Training in mixed mode.
Loading data
Traceback (most recent call last):
  File "dgl/examples/pytorch/graphsage/node_classification.py", line 128, in <module>
    dataset = AsNodePredDataset(DglNodePropPredDataset('ogbn-papers100M'))
  File "/home/cc/.local/lib/python3.8/site-packages/dgl/data/adapter.py", line 88, in __init__
    super().__init__(self.dataset.name + '-as-nodepred',
  File "/home/cc/.local/lib/python3.8/site-packages/dgl/data/dgl_dataset.py", line 99, in __init__
    self._load()
  File "/home/cc/.local/lib/python3.8/site-packages/dgl/data/dgl_dataset.py", line 192, in _load
    self.save()
  File "/home/cc/.local/lib/python3.8/site-packages/dgl/data/adapter.py", line 151, in save
    utils.save_graphs(os.path.join(self.save_path, 'graph_{}.bin'.format(self.hash)), [self.g])
  File "/home/cc/.local/lib/python3.8/site-packages/dgl/data/graph_serialize.py", line 130, in save_graphs
    save_heterographs(filename, g_list, labels)
  File "/home/cc/.local/lib/python3.8/site-packages/dgl/data/heterograph_serialize.py", line 29, in save_heterographs
    _CAPI_SaveHeteroGraphData(filename, gdata_list, tensor_dict_to_ndarray_dict(labels))
  File "dgl/_ffi/_cython/./function.pxi", line 293, in dgl._ffi._cy3.core.FunctionBase.__call__
  File "dgl/_ffi/_cython/./function.pxi", line 225, in dgl._ffi._cy3.core.FuncCall
  File "dgl/_ffi/_cython/./function.pxi", line 215, in dgl._ffi._cy3.core.FuncCall3
dgl._ffi.base.DGLError: [04:10:00] /opt/dgl/third_party/dmlc-core/src/io/local_filesys.cc:38: Check failed: std::fwrite(ptr, 1, size, fp_) == size: FileStream.Write incomplete
Stack trace:
  [bt] (0) /home/cc/.local/lib/python3.8/site-packages/dgl/libdgl.so(dmlc::LogMessageFatal::~LogMessageFatal()+0x4f) [0x7fa515209bff]
  [bt] (1) /home/cc/.local/lib/python3.8/site-packages/dgl/libdgl.so(dmlc::io::FileStream::Write(void const*, unsigned long)+0x88) [0x7fa5161a3a58]
  [bt] (2) /home/cc/.local/lib/python3.8/site-packages/dgl/libdgl.so(dgl::runtime::NDArray::Save(dmlc::Stream*) const+0x20d) [0x7fa51555394d]
  [bt] (3) /home/cc/.local/lib/python3.8/site-packages/dgl/libdgl.so(dgl::UnitGraph::Save(dmlc::Stream*) const+0x17f) [0x7fa5156a72ef]
  [bt] (4) /home/cc/.local/lib/python3.8/site-packages/dgl/libdgl.so(dgl::HeteroGraph::Save(dmlc::Stream*) const+0x12b) [0x7fa51559afdb]
  [bt] (5) /home/cc/.local/lib/python3.8/site-packages/dgl/libdgl.so(dgl::serialize::SaveHeteroGraphs(std::string, dgl::runtime::List<dgl::serialize::HeteroGraphData, void>, std::vector<std::pair<std::string, dgl::runtime::NDArray>, std::allocator<std::pair<std::string, dgl::runtime::NDArray> > > const&)+0x489) [0x7fa515637a29]
  [bt] (6) /home/cc/.local/lib/python3.8/site-packages/dgl/libdgl.so(+0x7c871f) [0x7fa51563871f]
  [bt] (7) /home/cc/.local/lib/python3.8/site-packages/dgl/libdgl.so(DGLFuncCall+0x48) [0x7fa515530138]
  [bt] (8) /home/cc/.local/lib/python3.8/site-packages/dgl/_ffi/_cy3/core.cpython-38-x86_64-linux-gnu.so(+0x1633c) [0x7fa4ff99233c]

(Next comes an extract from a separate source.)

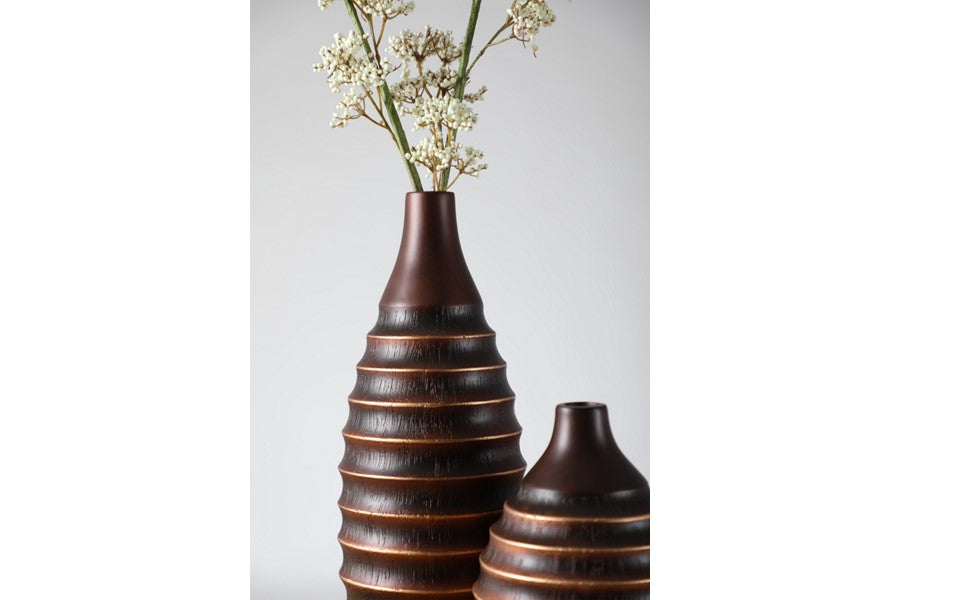 Rustic, tribal, and artisanal-inspired, Ribbed, Textured Surface, vase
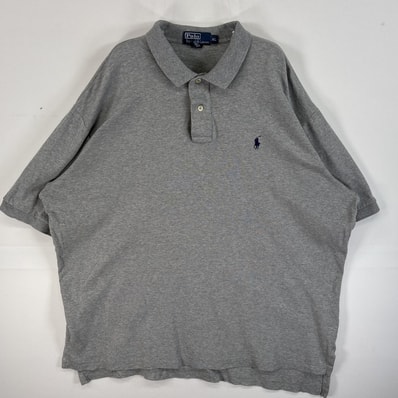 古着 ポロバイラルフローレン Polo by Ralph Lauren 半袖 ポロシャツ ロゴ 刺繍 大きいサイズ 2ボタン XL グレー 無地 メンズ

specify save_dir which points to the path you stores the processed data.

for reference:

>>> ds2=dgl.data.AsNodePredDataset(dgl.data.RedditDataset(), save_dir='home/ubuntu/.dgl/', verbose=True)
Done loading data from cached files.
1 Like

I changed the line to dataset = dgl.data.AsNodePredDataset(DglNodePropPredDataset('ogbn-papers100M'), save_dir='~/ogbn_papers100M/', verbose=True). And it prompted to download the dataset. I am wondering if the step for downloading raw dataset can be skipped since there are already processed data. FYI because of the limited disk storage in the node, I did not scp the raw directory under dataset/ogbn_papers100M/

how about using DglNodePropxxx directly? AsNodePredDataset is not necessary.

This works! Thanks! Now I failed at the same place as shown in your previous screenshot.

great. that issue could be resolved by formatting it to long, I think.